November 22, 2012 9:00 by Reuters
Dubai World, the state-linked entity whose massive debts brought the emirate to the brink of collapse in 2009, faces the first repayment in its restructuring deal in three years time and creditors are once again growing restless.
With none of the promised asset sales materializing – Dubai needs to raise $4.4 billion to meet the first obligations in the five and eight-year debt repayment deal – worries are emerging another drawn-out restructuring is inevitable.
“When we speak to the government, they say there is no rush and it shows everything is under control. However, as a banker, I’m worried as I don’t know where the money is coming from,” said one senior banker at an international lender owed money by Dubai World, speaking on condition of anonymity due to the sensitivity of the subject.

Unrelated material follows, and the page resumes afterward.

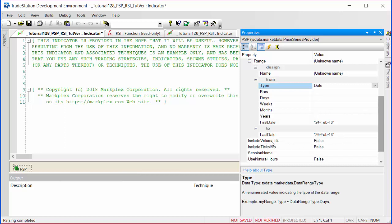We don't need volume, we don't need ticks information, and we're certainly not going to use natural hours. I'm just going to go back. We've made those changes, and now we're going to look at the designer generated code.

Another senior Dubai-based banker said: “Most of the repayment is contingent on asset sales, so if they are not going well, then it will be hard to repay these debts at par.”

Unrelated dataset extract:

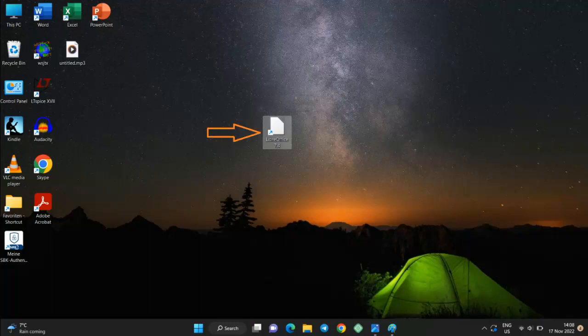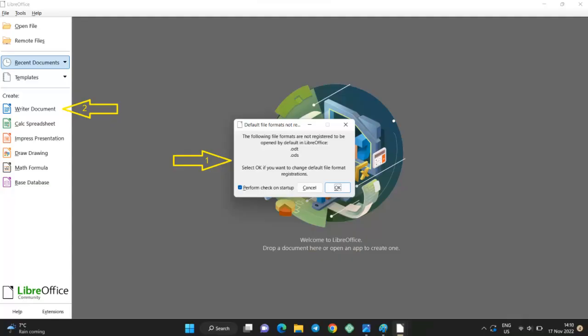Open LibreOffice, then open LibreOffice Writer. Click on Cancel to close the pop-up notification.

Such concerns contrast with an apparent return of Dubai’s swagger.
The emirate is once again dreaming big with plans for a city centre canal and a $1 billion replica of India’s Taj Mahal. And some argue Dubai World will be able to meet the $4.4 billion first payment due in 2015.
“It’s been restructured and it’s working well in the sense of how it was intended to over the last couple of years,” said Rick Pudner, chief executive of Dubai’s largest lender, Emirates NBD, which is 56 percent owned by the government and has one of the largest exposures to Dubai World.
“I’m very comfortable that Dubai will be in a position to meet its obligations,” Pudner said during the Reuters Middle East Investment Summit.
However, signs of concern over Dubai’s debt burden are starting to surface.
Standard Chartered, another major Dubai World creditor, said in a Nov. 7 note that while a rebound in key sectors would help it meet obligations, Dubai entities have nearly $50 billion of liabilities between 2014 and 2016 and “given the lack of major asset sales or haircuts, there has been little progress on the deleveraging front.”
In the Dubai World restructuring proposed to banks in July 2010, the firm said it needed time for assets to recover in value. Immediate sales would yield between $6.4 and $10.4 billion, but a delayed timeframe would give a return of between $15.1 and $19.4 billion, it said.